Weighty questions linger over the expressway financing deal

Vehicles scaling Mlima Kiu along Mombasa Road. FILE PHOTO | NATION MEDIA GROUP

What you need to know:

  • I don’t take them seriously when they say that they are offering us the so-called ‘G-to-G’ model.

  • The entities being touted, such as OPIC and Exim Bank, are private business that don’t draw money from the US government.

  • The US taxpayer is not in the business of building large infrastructure projects in Africa.

Are we, really, asking the right questions about the multi-billion-shilling Mombasa-Nairobi expressway that Betchel International Inc. of Francisco, USA, wants to build for us?

Whichever way you look at it, this massive infrastructure project is going to worsen our already precarious external indebtedness in major ways. Apparently, the company signed a commercial contract with Kenya National Highway Authority (KeNHA) in August.
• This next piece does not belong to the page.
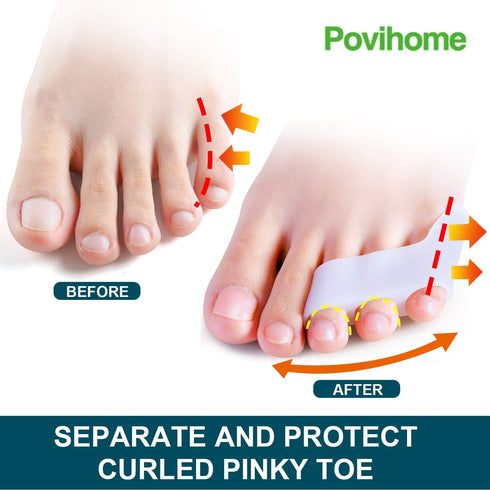 Povihome 10 Pack Pinky Toe Separator and Protectors, Triple Gel Toe Separators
These commercial contracts foreign companies sign with government departments and parastatals before scrutiny by Parliament have been the biggest contributory factor to the accumulation too many expensive and poorly negotiated external loans on the external loan register.

G-TO-G MODEL

I don’t take them seriously when they say that they are offering us the so-called ‘G-to-G’ model and when they claim that such arrangements make the projects less expensive to the local taxpayer.

We have been promised that the American export credit entities will be involved in the financing of the project.

However, the truth of the matter is, the American entities are merely going to provide guarantees to Betchel in order to make the project attractive to private international financiers.

The entities being touted, such as OPIC and Exim Bank, are private business that don’t draw money from the US government.

Unlike the Chinese Exim Bank, they don’t put in big money in big-ticket infrastructure projects as large us the expressway.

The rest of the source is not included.